More than half a century after we first watched Andy and Opie walking to the fishin' hole, "The Andy Griffith Show" remains one of the most popular sitcoms in the history of American TV. Why does a sitcom from the 1960s that's set in the rural South still evoke such devotion in so many people and in so many areas today?
In A Cuban in Mayberry, acclaimed author Gustavo Pérez Firmat revisits "our hometown" to discover the source of its enduring appeal. He approaches the show from a unique perspective that of an exile who has never experienced the rootedness that Andy and his fellow Mayberrians take for granted.
As Pérez Firmat weaves his personal recollections of exile from Cuba with an analysis of the show, he makes a convincing case that the intimacy between person and place depicted in TAGS is the secret of its lasting relevance, even as he reveals the surprising ways in which the series also reflects the racial, generational, and political turbulence of the 1960s.

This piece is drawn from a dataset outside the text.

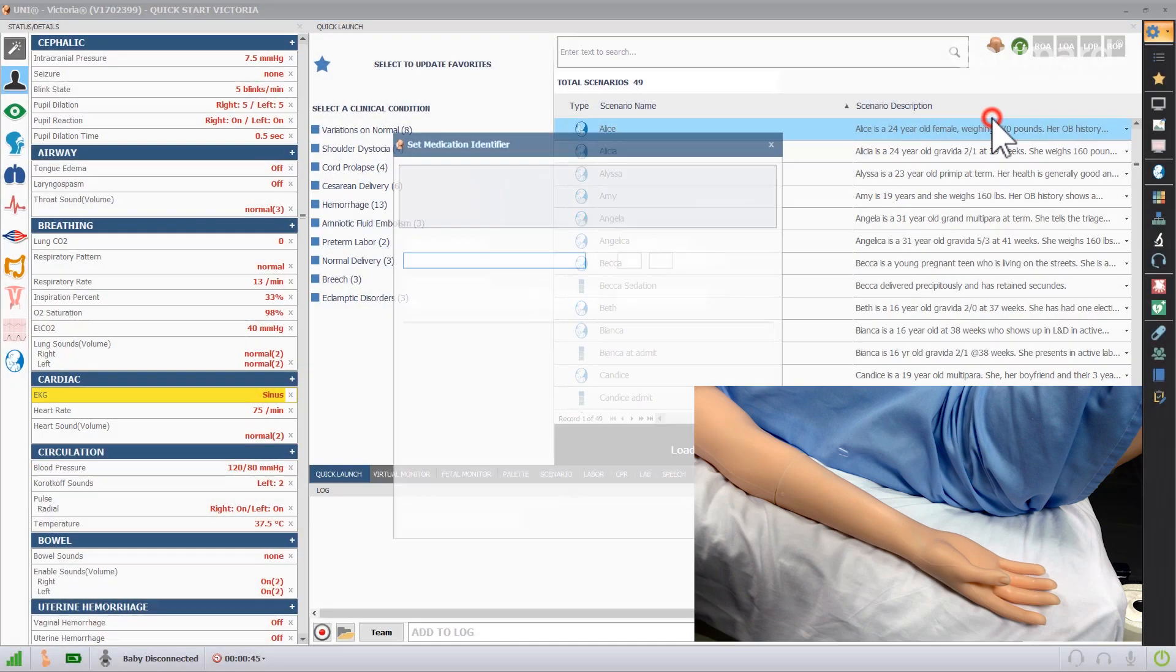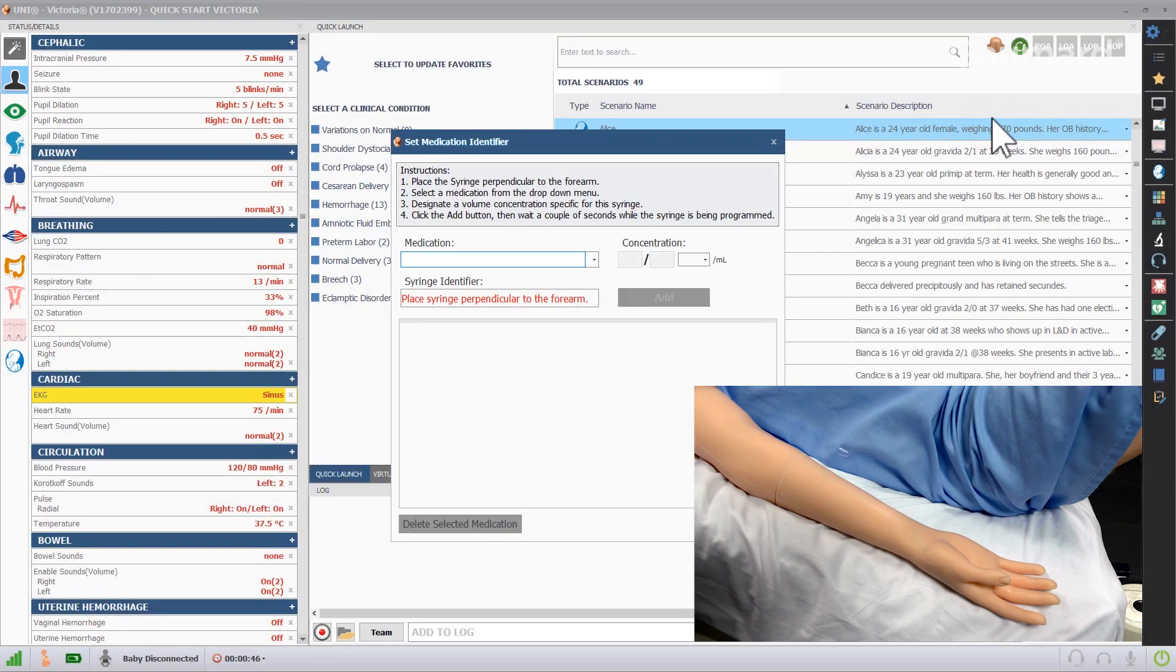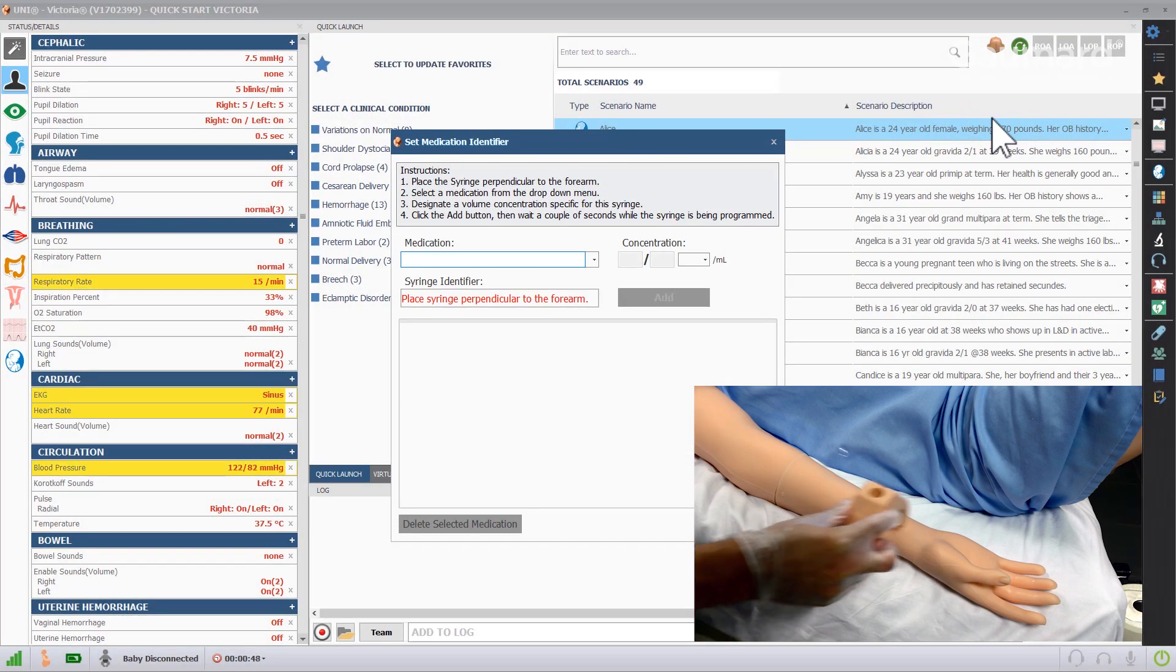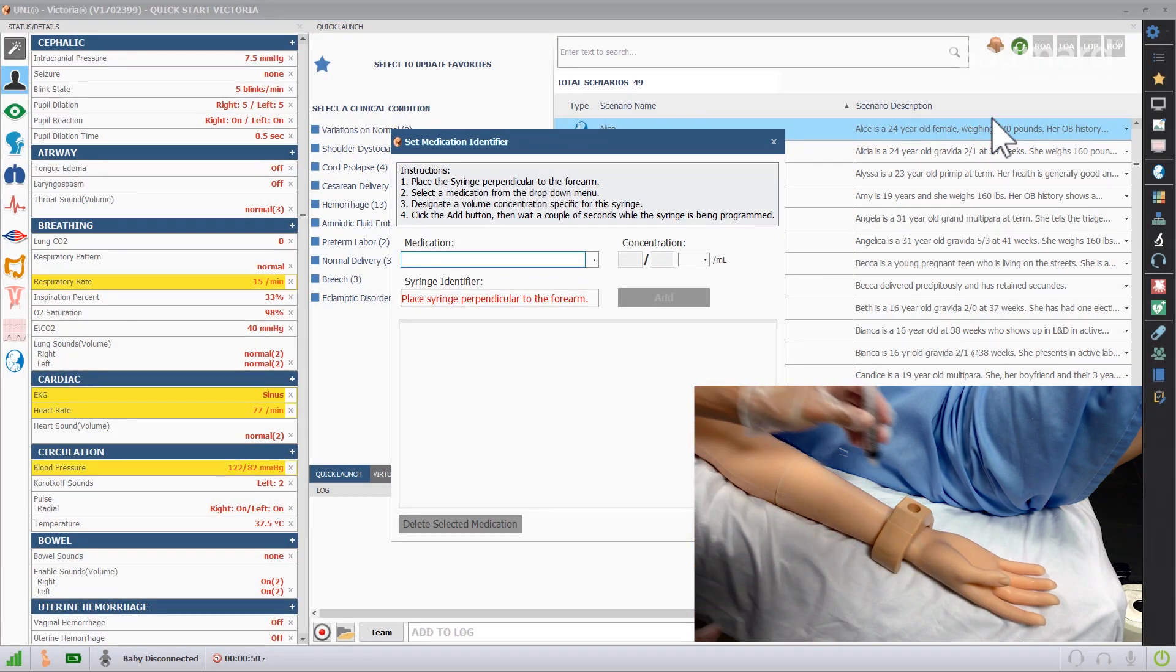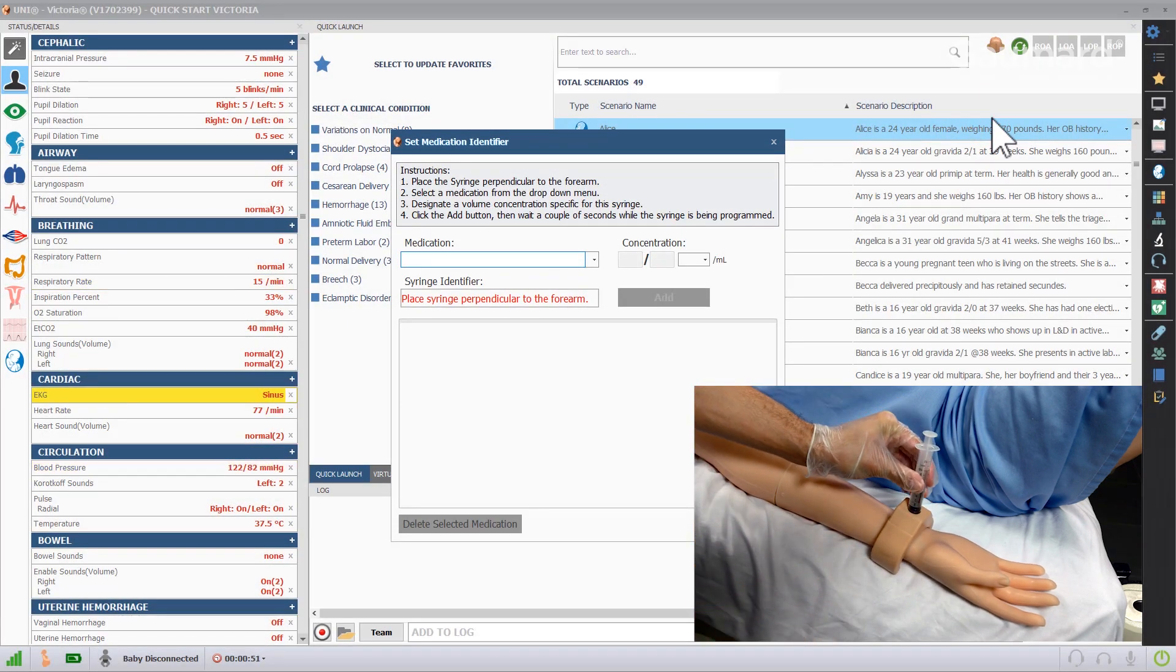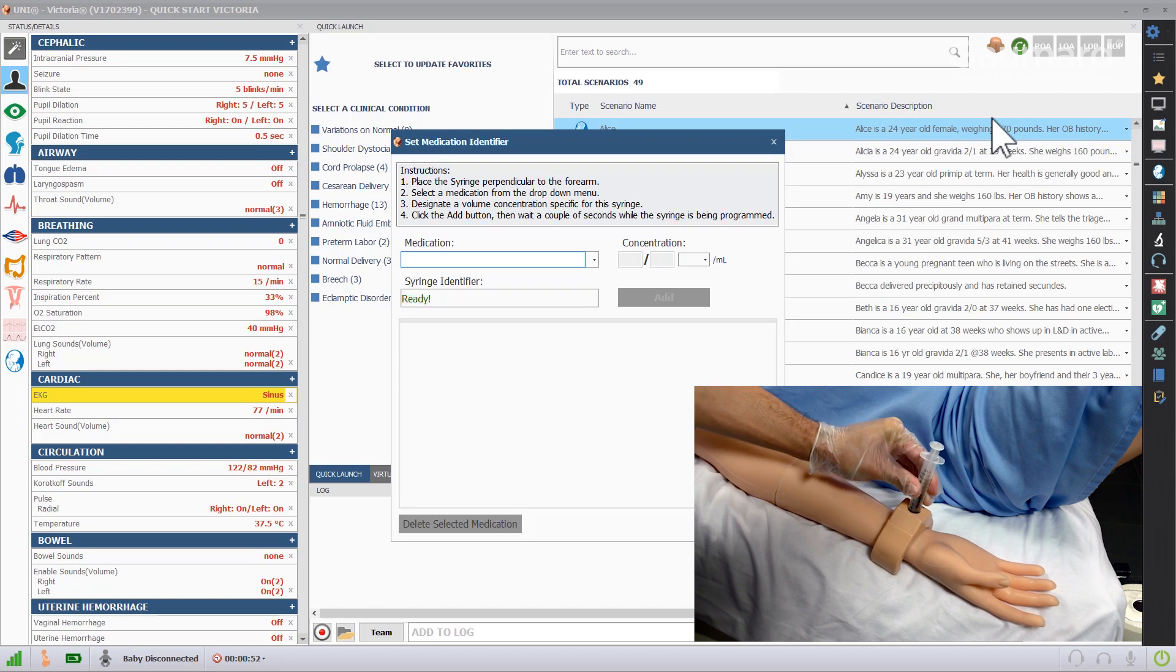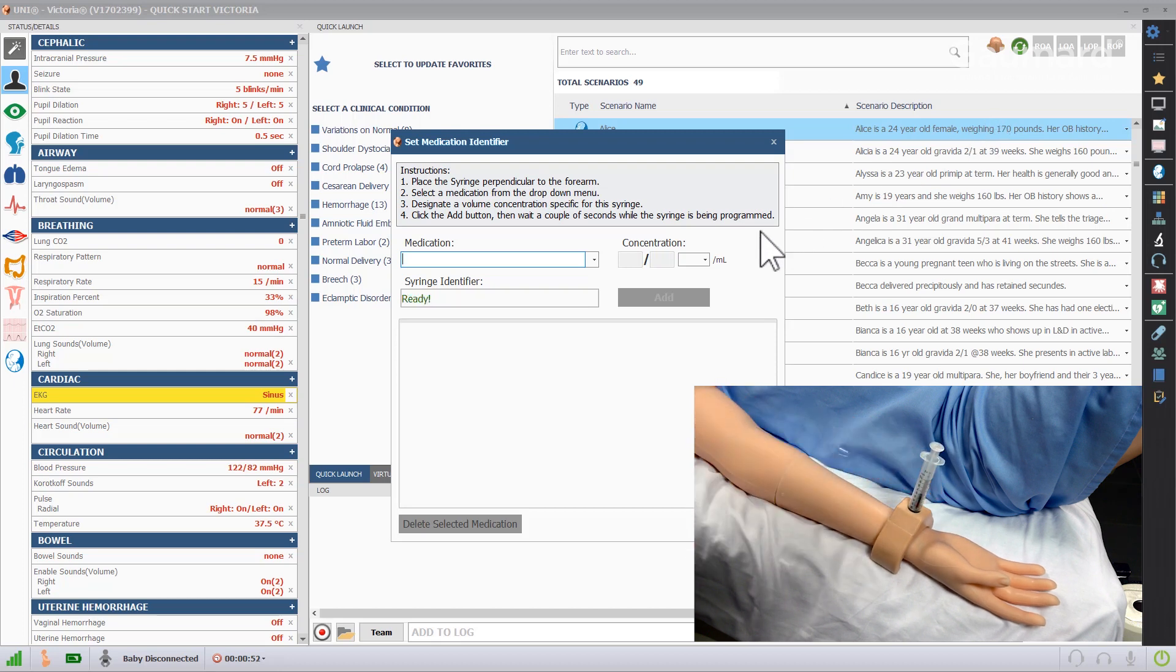Rotate the lower arm so the palm of the hand is facing up and attach the syringe holder to the wrist. Insert a tagged syringe into the holder.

This 194-page book, the first book about "The Andy Griffith Show" in over 12 years, is the most scholarly book about the show to date. It's sure to be fascinating reading for the many devoted fans of the show, and is certain to expand any fan's knowledge of and appreciation for "The Andy Griffith Show" and what Mayberry means to all of us.
And along the way, we might even learn some things about ourselves, too.